# AVAILABLE DATA:
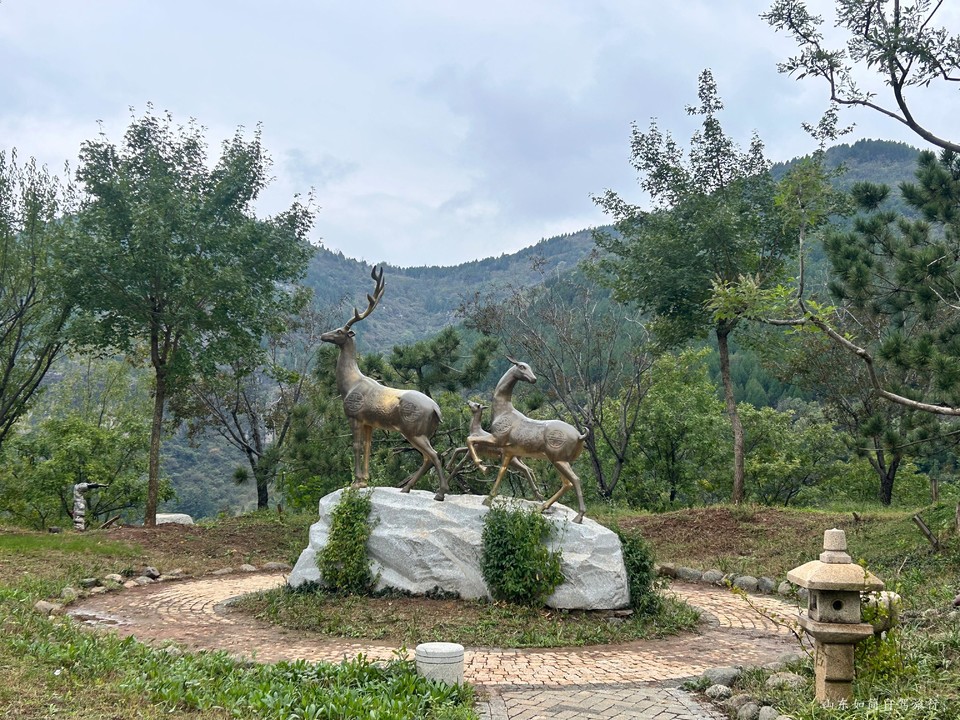 微信图片_20260122104449_22_35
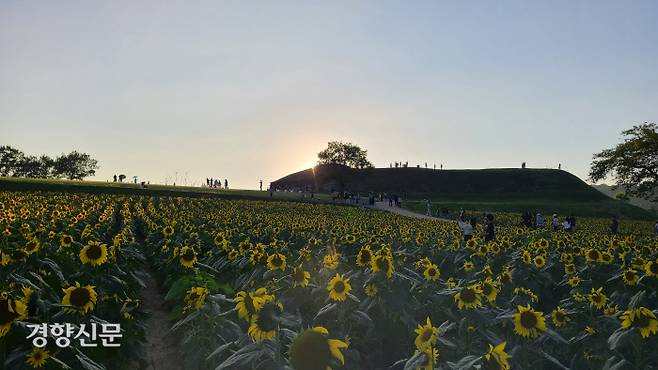 6만송이 해바라기를 심어놓고 ‘통일바라기’ 축제를 벌이고 있는 경기 연천 장남 호로고루. 호로고루는 5~6세기 고구려군의 최전방 사령부로 추정된다.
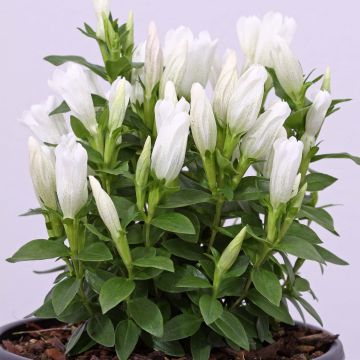 Gentiana makinoi White Magic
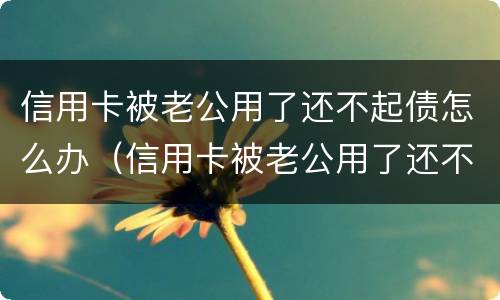 信用卡被老公用了还不起债怎么办（信用卡被老公用了还不起债怎么办理）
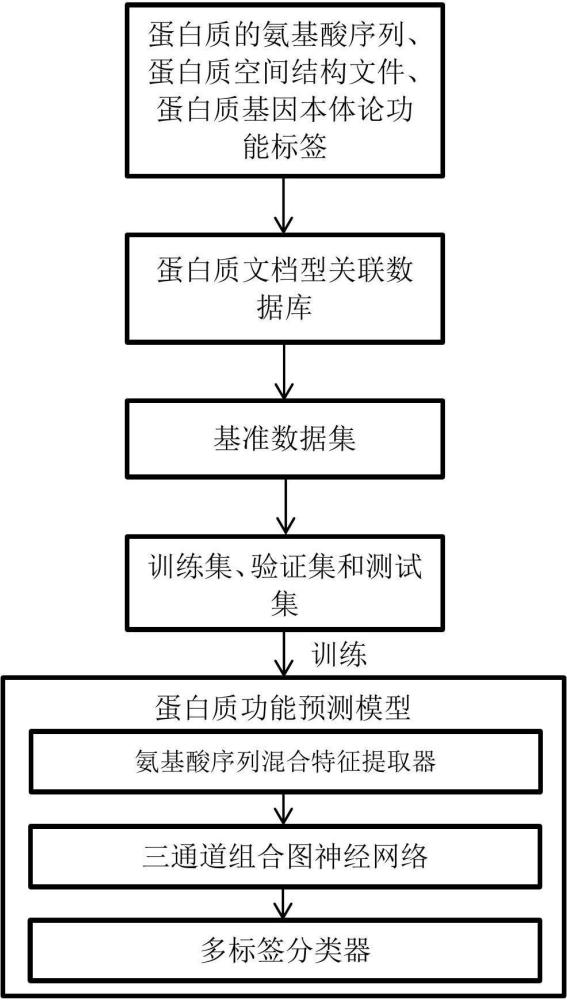 基于迁移学习和三通道组合GNN预测蛋白质功能的方法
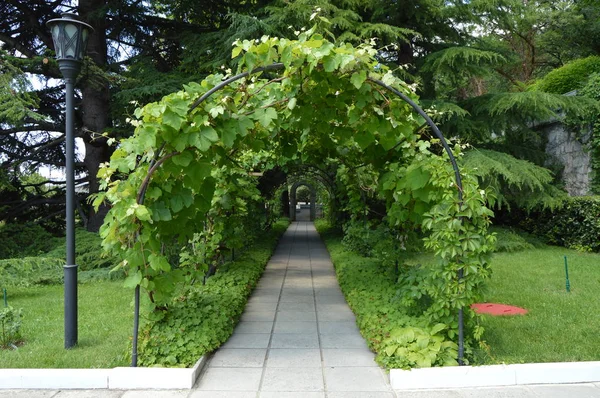 Arch and trellis, entwined vine and lantern in a beautiful Park in the summer — Stock Photo, Image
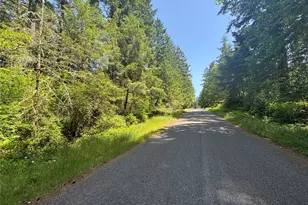 11409 & 11413 Hillcrest Dr, Anderson Island, WA 98303 - Photo 3
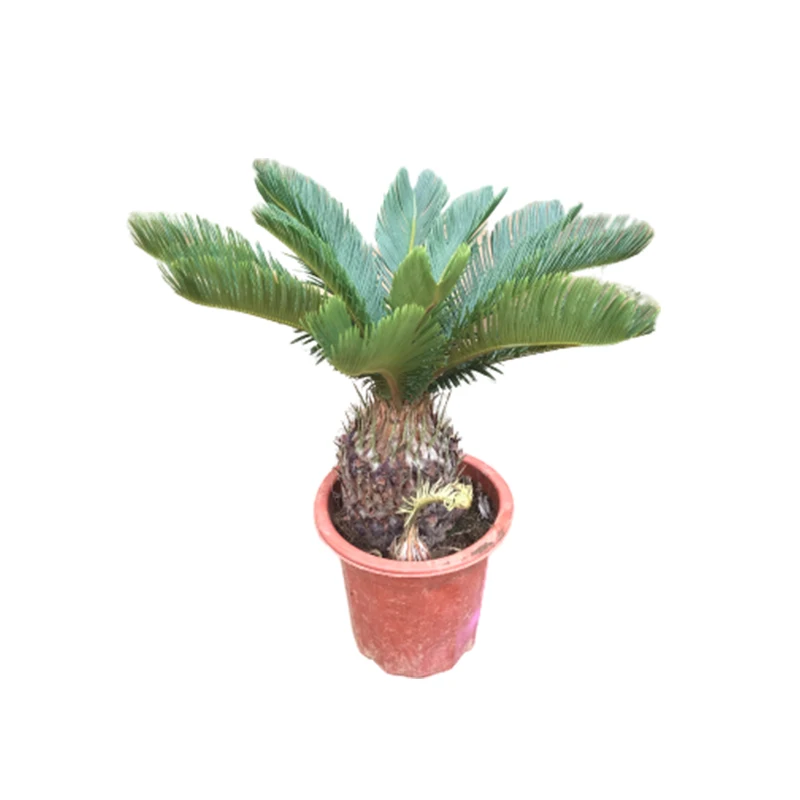 
Decoration Tree Cycad Plants Cycas Revoluta for Sale 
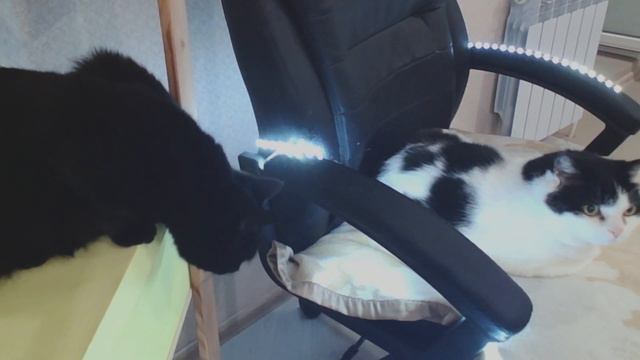 🤕 ВЯЛЫЙ ПОТОК ПОСЛЕ ДОКТОРА / INIKA смотреть онлайн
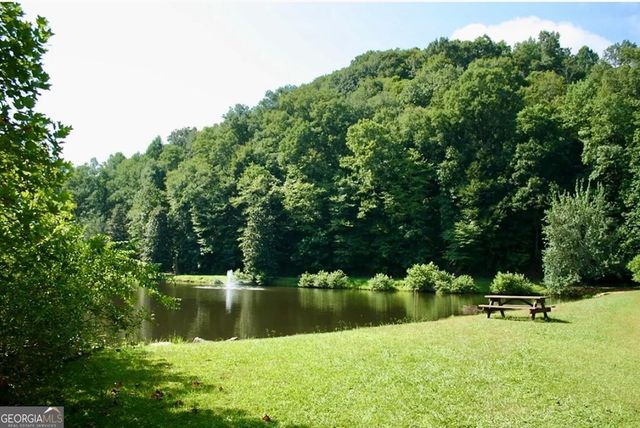 282 Armor Way N, Ellijay, GA 30540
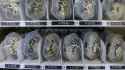 CRAB VENDING MACHINE.jpg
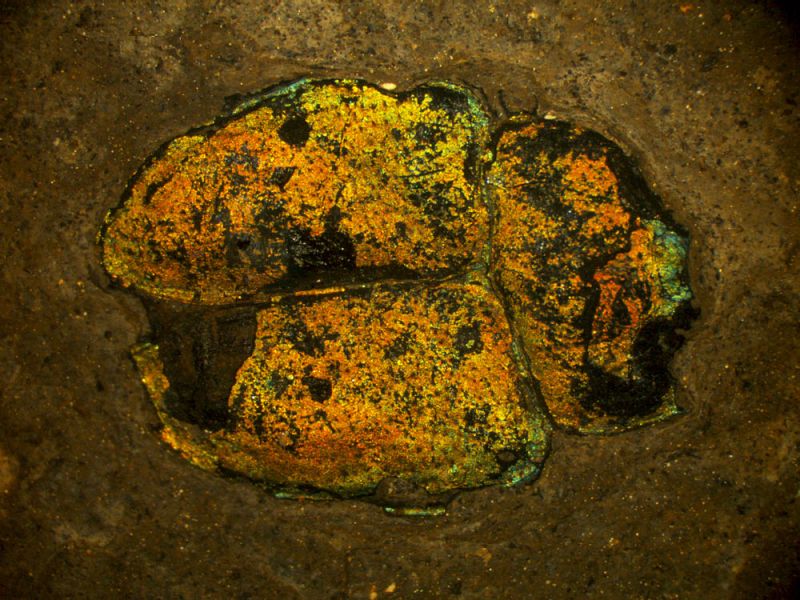 Messel 1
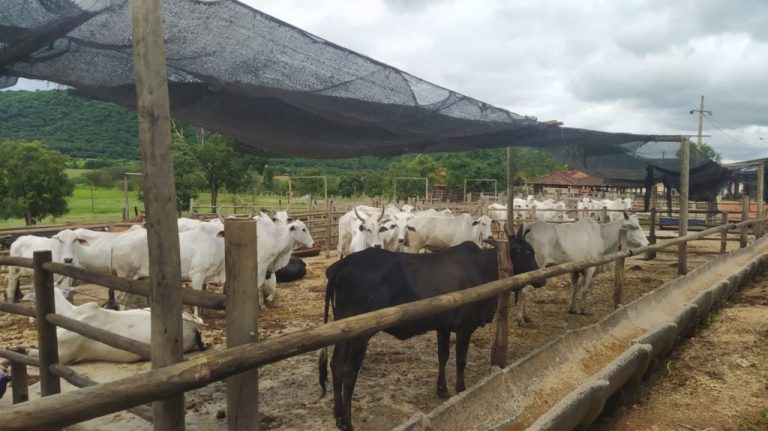 Batalhão Rural da Polícia Militar de Goiás recupera 34 cabeças de gado em parceria com a PM mineira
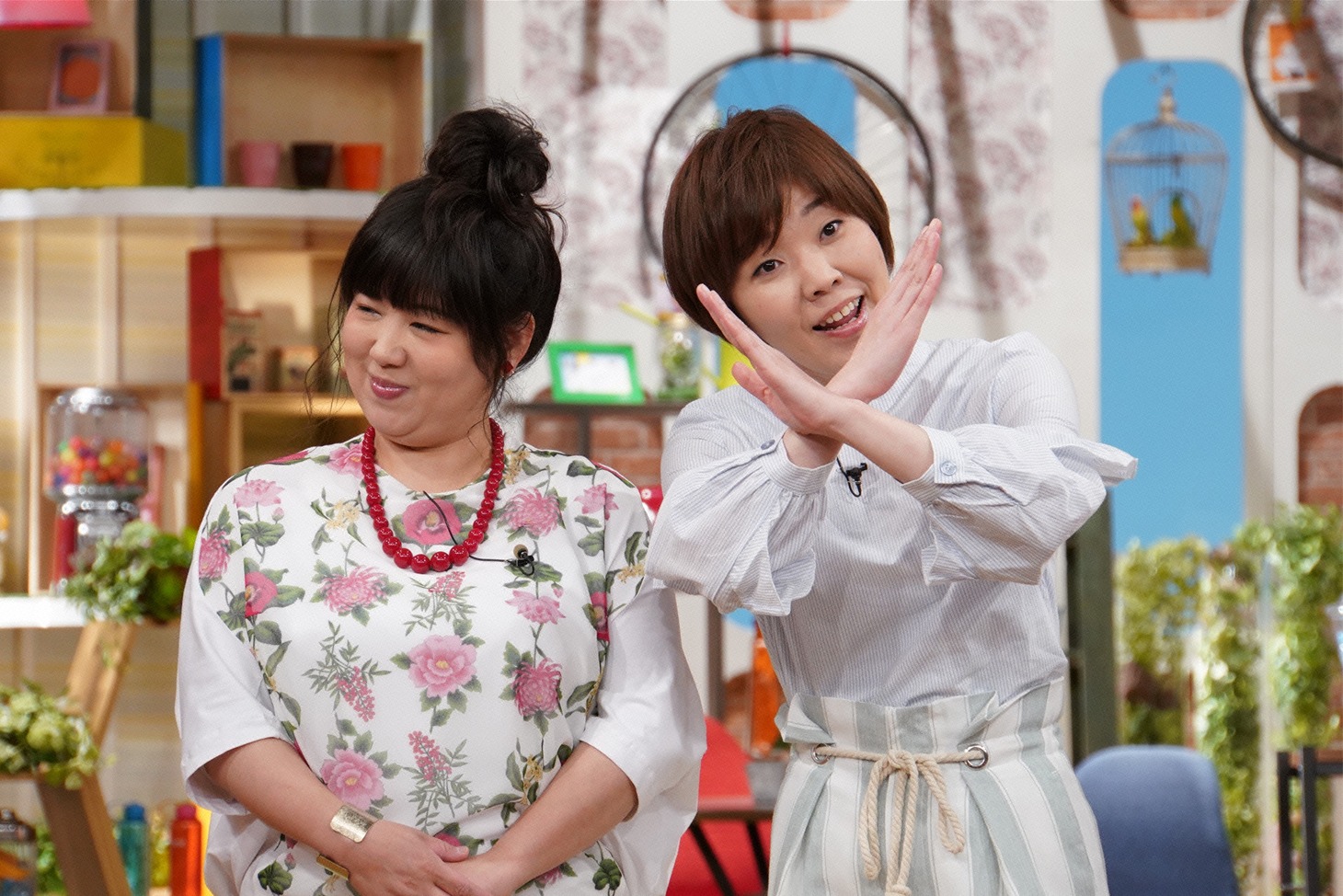アジアン(c)日本テレビ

# INSTRUCTIONS FOR THE TASK:
All of the listing should be transcribed exactly, but none of its images.

# EXERCISE ANSWER:
 微信图片_20260122104449_22_35
 6만송이 해바라기를 심어놓고 ‘통일바라기’ 축제를 벌이고 있는 경기 연천 장남 호로고루. 호로고루는 5~6세기 고구려군의 최전방 사령부로 추정된다.
 Gentiana makinoi White Magic
 信用卡被老公用了还不起债怎么办（信用卡被老公用了还不起债怎么办理）
 基于迁移学习和三通道组合GNN预测蛋白质功能的方法
 Arch and trellis, entwined vine and lantern in a beautiful Park in the summer — Stock Photo, Image
 11409 & 11413 Hillcrest Dr, Anderson Island, WA 98303 - Photo 3
Decoration Tree Cycad Plants Cycas Revoluta for Sale 
 🤕 ВЯЛЫЙ ПОТОК ПОСЛЕ ДОКТОРА / INIKA смотреть онлайн
 282 Armor Way N, Ellijay, GA 30540
 CRAB VENDING MACHINE.jpg
 Messel 1
 Batalhão Rural da Polícia Militar de Goiás recupera 34 cabeças de gado em parceria com a PM mineira
アジアン(c)日本テレビ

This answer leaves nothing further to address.